A retired senior officer of the Nigerian Air Force, Group Captain Sadeeq Shehu, has advised the Federal Government and authorities in Katsina on the rescue of the schoolboys who have been missing since two days ago.
He specifically warned against the use of force in the bid to rescue the boys and recommended negotiation as the first step to take.
Shehu, who is an adjunct professor at the George Marshall European Centre for Security Studies in Germany, made the remarks during his appearance on Channels Television’s Sunday Politics.
“As we are going into the rescue operation, I would like to sympathise with the people that are involved and also to commiserate with the security officers and at the same time, to sound a warning, in all honesty, I am not completely comfortable when I heard that there was an exchange of fire,” he said.
The security expert explained, “In a situation where you have children that are still with the hostages, and it is not even in a confined space … this is inside the forest, I think the idea of exchanging fire with people who are still holding our children should be properly thought about.
“There could be a lot of risks in that.

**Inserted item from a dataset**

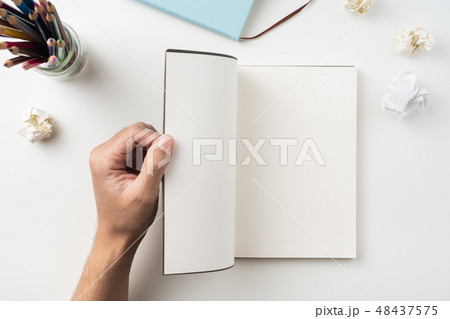 man hand hold brown notebook on white background man hand hold brown notebook on white background 48437575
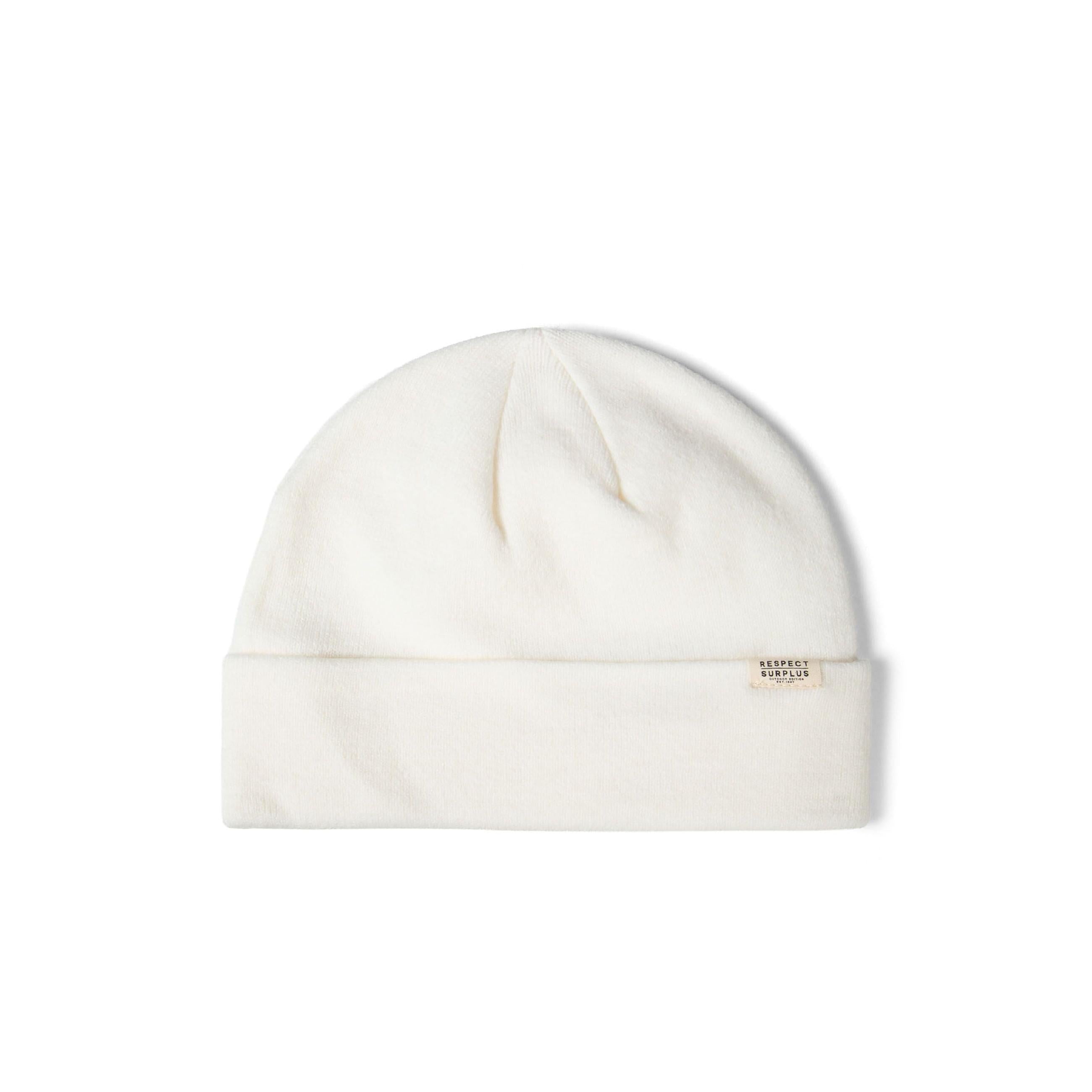 Single cream coloured ribbed knit beanie with folded cuff and small rectangular brand label, photographed flat against white background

When you have hostages with any criminal or any abductor, I think the first issue will be a negotiation.”
On Friday night, bandits invaded the Government Science Secondary School in Kankara, a Local Government Area in Katsina with hundreds of students missing in the process.
Lack Of Training In Nigeria’s Security Architecture
The incident sparked an outrage with calls from various individuals and groups on the government to step up efforts towards securing the people and their properties.
While the Katsina State Governor, Aminu Masari, confirmed that at least 333 students were missing, the Minister of Defence, Major General Bashir Magashi, said the boys would be rescued in some few hours.
More than five hours after the minister made the comments, the students have yet to return as of press time.
In further reaction to the abduction, Shehu who is also a former Deputy Head of Security at the African Union Commission in Addis Ababa, Ethiopia, decried the response time of the security forces to arrive at the school.
According to him, it took the security operatives about nine hours to respond as there was no response until the next morning.
The security expert insisted that engaging the bandits in a shootout was a wrong move to make, stressing that such a situation could expose the abducted students to danger.
“Again, it shows the training we lack in our security architecture. Every police department should have a negotiator because we cannot be firing into the bush when we don’t know where the children are.
“The issue is not throwing blames, but we have to accept that attacks on schools have become a function not only in Nigeria but in many other countries around the world,” he said.
Shehu added, “There are lessons to be learned from the government side, from the school authorities, you need to have the minimum security and safety standard.”